***** EXERCISE DATA

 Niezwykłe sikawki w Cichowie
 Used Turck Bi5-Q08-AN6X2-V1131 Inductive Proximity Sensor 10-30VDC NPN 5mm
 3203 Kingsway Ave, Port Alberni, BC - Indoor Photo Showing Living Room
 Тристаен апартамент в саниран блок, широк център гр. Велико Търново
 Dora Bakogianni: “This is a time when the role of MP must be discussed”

**********
***** EXERCISE DATA

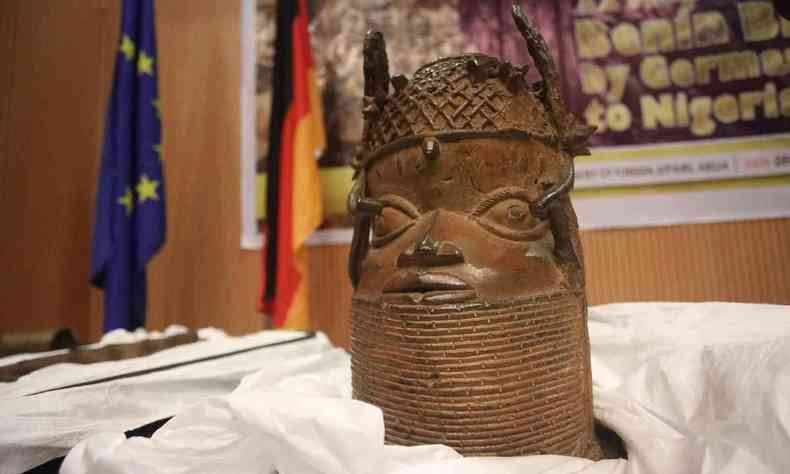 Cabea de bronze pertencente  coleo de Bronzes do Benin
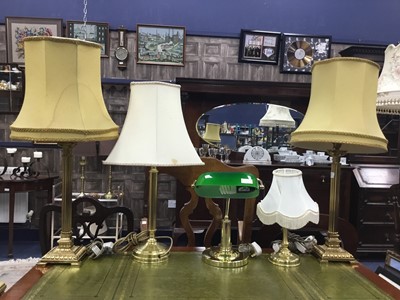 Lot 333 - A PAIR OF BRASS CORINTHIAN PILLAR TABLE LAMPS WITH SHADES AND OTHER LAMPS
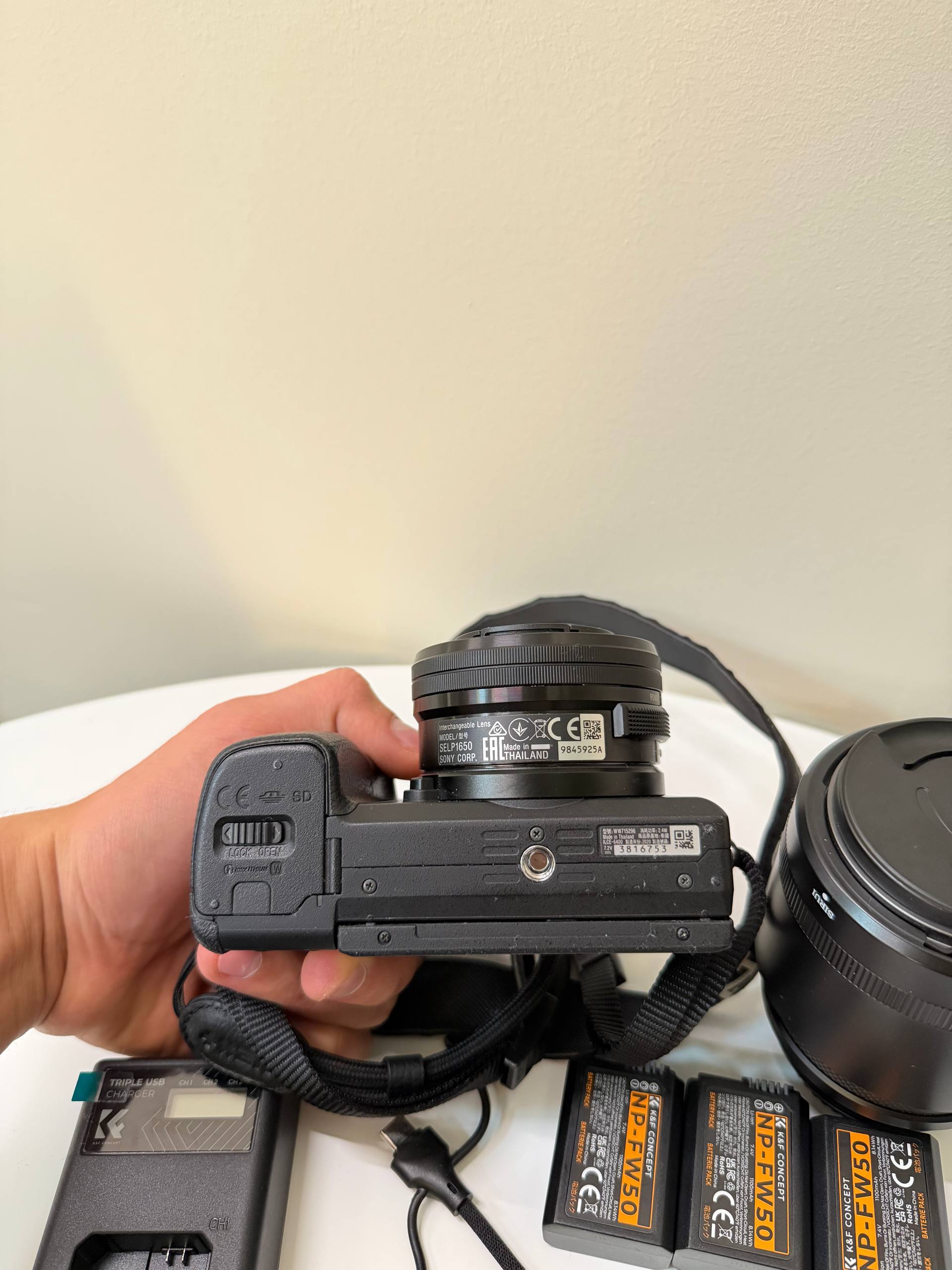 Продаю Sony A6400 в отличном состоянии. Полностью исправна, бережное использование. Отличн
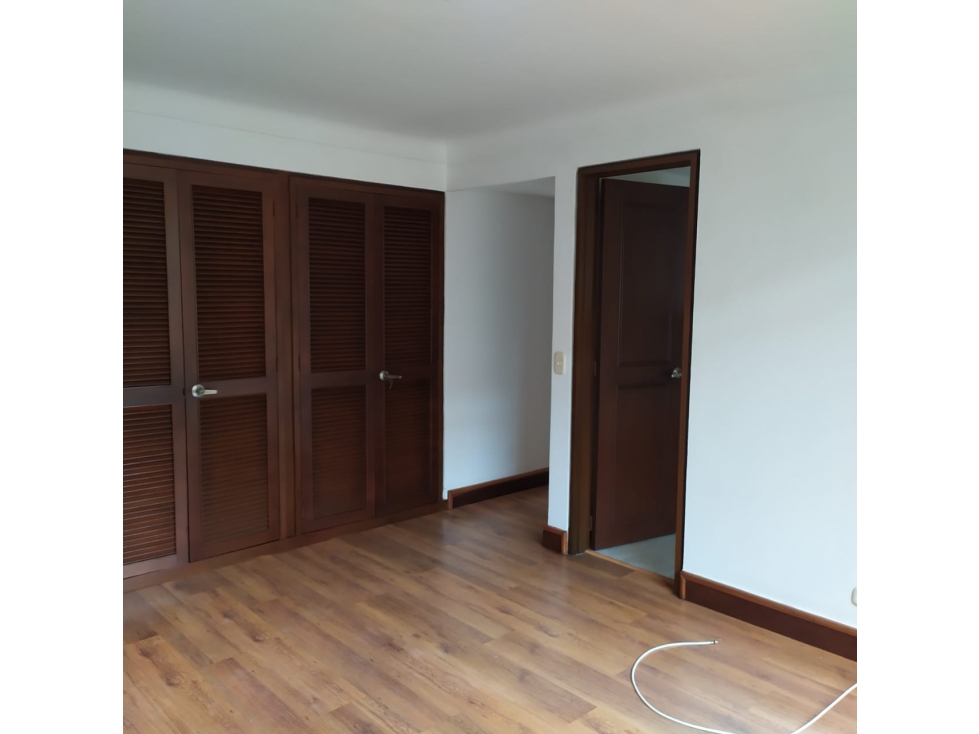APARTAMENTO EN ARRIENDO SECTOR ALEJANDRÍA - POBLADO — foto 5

**********

All lines above from the one with "3203 Kingsway Ave, Port" to the one with "a time when", inclusive, should be copied exactly, and no other lines.

ANSWER FOR THIS EXERCISE:
 3203 Kingsway Ave, Port Alberni, BC - Indoor Photo Showing Living Room
 Тристаен апартамент в саниран блок, широк център гр. Велико Търново
 Dora Bakogianni: “This is a time when the role of MP must be discussed”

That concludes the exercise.